All of the data related to issues, job performance ratings, and the 2016 Vermont gubernatorial were weighted to reflect the views of the general population. During data collection, the Polling Institute works the sample to achieve the highest response rates possible given time and budget constraints, and in the end, the general population weights are relatively small and do not distort the original data a great deal.

The data reflecting preferences in the upcoming Vermont presidential primary are weighted to reflect the population of likely voters in each of the party’s primary. Weighting the general population is far easier than weighting to likely voters because we have hard data from the Census Bureau describing the general population. The general population actually exists at the time of the poll; this is not the case when considering likely voters. The voting population does not yet exist; there are no pre-existing measure of who what citizens (or poll respondents) will actually cast a ballot on March 1 (or before by absentee ballot).

Weighting to the voting population is weighting to a population that is still speculative. That is why we refer to likely voters as opposed to actual voters. But if we want to estimate what voters may do on election day, we have to recognize that the entire adult population does not vote, and in a primary, the proportion of voters will be lower than that found in a general election.

So, we develop a separate weight to help us understand what voters may do on March 1 as they cast their votes in the presidential primaries. The formula we used to estimate the voting population for the upcoming primary started with eliminating the views of those poll respondents we think are unlikely to vote at all; consequently, we built a model (using a second data set) that excluded all of those respondents who

  1. Are not registered to vote;
  2. Do not follow news about the presidential race either “very closely” or “somewhat closely”; and,
  3. Say that they are either “not too likely” or “not at all likely” to vote in the Vermont Presidential Primary.

Using that criteria, we eliminated 258 actual respondents (unweighted), bringing us to an unweighted base of 637 records or 71 percent of the original data set. We then worked with those remaining records to devise a variable that would give greater weight to those respondents among those remaining who are most likely to vote in the presidential primaries, since we know that turnout will not be as high as 71 percent.

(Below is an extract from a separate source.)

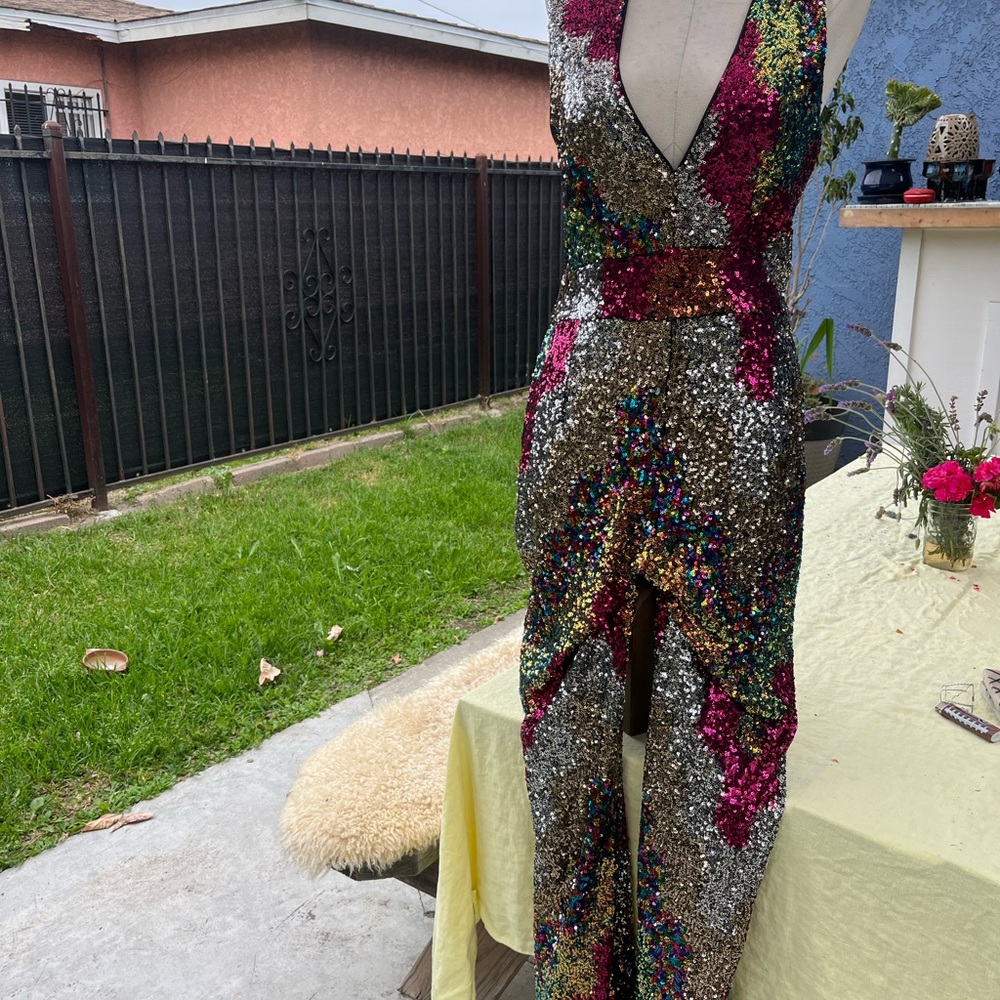 Sequin Multicolor Jumpsuit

In fact, we estimate that turnout will be from 40 – 45 percent of registered voters.
In order to differentiate among the remaining respondents who are most likely to vote, we gave points to respondents meeting the following conditions:

  1. Follow news about the election “very closely”
  2. Say that they are “very likely to vote”
  3. Identify with one of the major political parties
  4. Have a college degree or more education
  5. Responded to poll after the New Hampshire Primary (Feb. 9th)

These criteria were used to generate weights for each individual case that were then applied to the general population weights to devise a new weight variable defining our “likely voter model.” The first two criteria take what respondents tell us about their interest in the election and how likely they are to participate, while criteria 3 and 4 apply data from the demographics that are associated with voting participation. The last criterion takes into account that candidate preference shifted measurably after the New Hampshire primary showed that Trump and Sanders can win and that Kasich may be more of a contender than earlier thought.

Applying the likely voter model to the reduced data set left us with a dataset that represents 58 percent of the originally weighted sample—a figure higher than our voter turnout estimation but weighted to give those within the remaining sample who meet likely voter criteria a greater weighted response.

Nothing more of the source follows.